Mar adentro, sólo se encontró con tres tipos de aves. Una, desde su cabina, durante la peor tormenta. Flotaba como si nada. Era un petrel de las tempestades. Lo tranquilizó.

Acostumbrado a los diferentes ruidos que producían su navegación y el viento, Abraham volvió a pisar tierra en Antigua y Barbuda. Más adelante, por el Caribe, el reto era evitar chocar. Barcos, tráfico, arrecifes y bajos. Si lo agarraba un viento lo podría estrellar.

Optó por llegar a Cancún vía Centroamérica. Un delfín lo acompañó un tramo. Quería comerse a un dorado que se escondía bajo su casco. Calamares, peces voladores, dorados y más, también se acercaban.

Durante todo el cruce sólo vio una embarcación en el radar. Estaba lejos y jamás identificó a un ser humano. Al gritar, sus palabras se perdían. En la mar, nada rebota. Era la pureza de su voz que partía. A veces se grababa. Luego apuntaba mensajes, recordatorios, lo que fuera, como qué comida le disgustaba.
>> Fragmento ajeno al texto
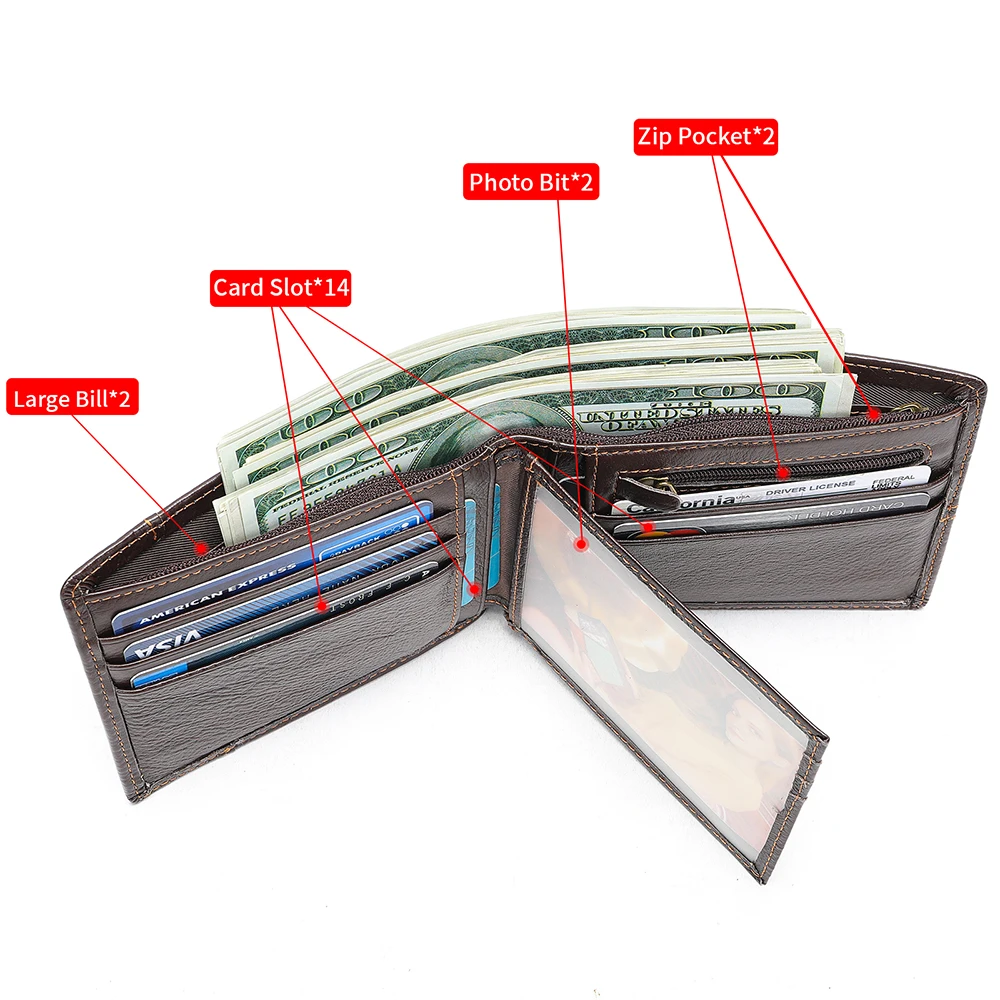محفظة ويستال من الجلد الطبيعي مع محفظة للعملات المعدنية ومحفظة RFID للرجال وحقائب النقود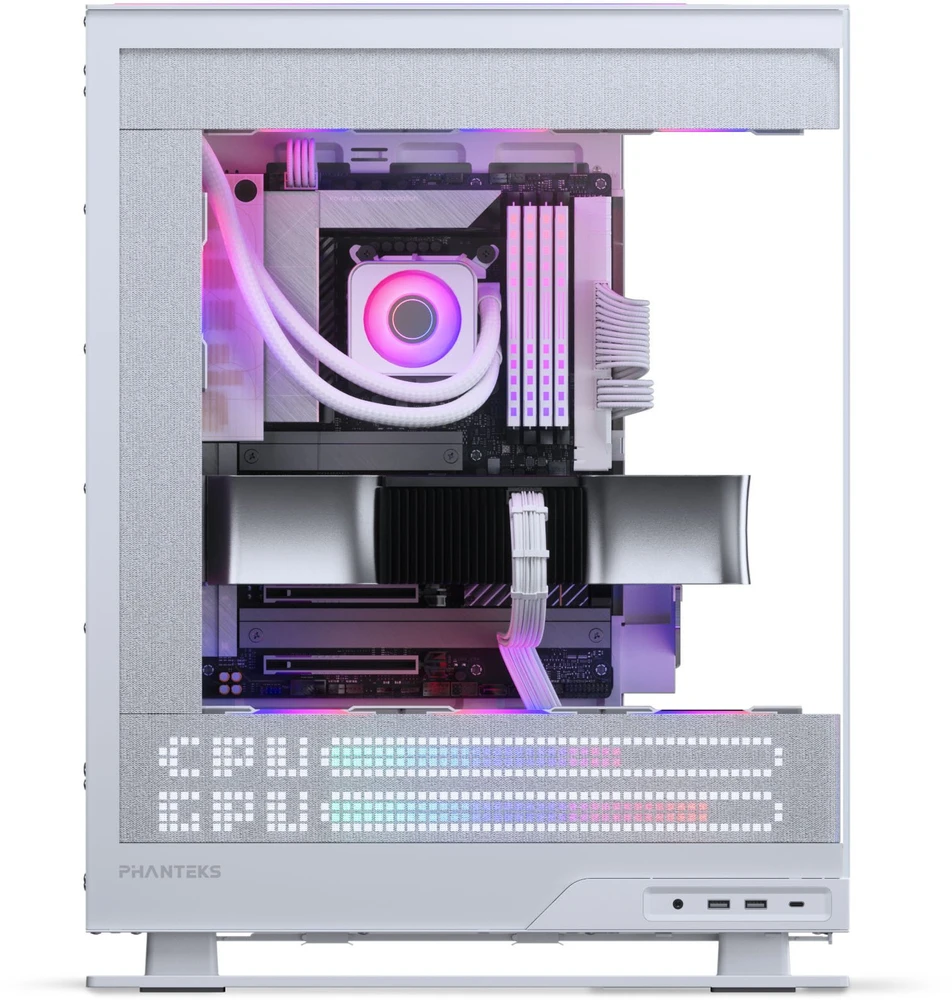 „Phanteks Evolv X2 Matrix“ kompiuterio korpusas, vidutinio bokšto tipo, E-ATX, grūdintas stiklas, „Matrix LED“ – Baltas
Cuando distinguió Cancún a lo lejos, otra vez dudó si debía continuar o parar. Quería cama, comida, fruta pero le gustaba navegar por la mar.

"El miedo te mantiene vivo", me dice Abraham, "si te confías mueres. Es el instinto que te ayuda, un aliciente, que te prepara, te hace tomar precauciones". Desde el otro lado de la mesa observo las manos gruesas y pesadas de Abraham, del capitán de Cascarita, del explorador que cruzó una cuarta parte del planeta a puro pulmón.

Para Darwin, la expedición náutica que lo llevó a desarrollar su teoría de la evolución fue tan difícil que el capitán del barco lo quería tirar por la borda antes de llegar a las Galápagos. Hacia el desconocido horizonte del mañana nada lleva más lejos que la voluntad.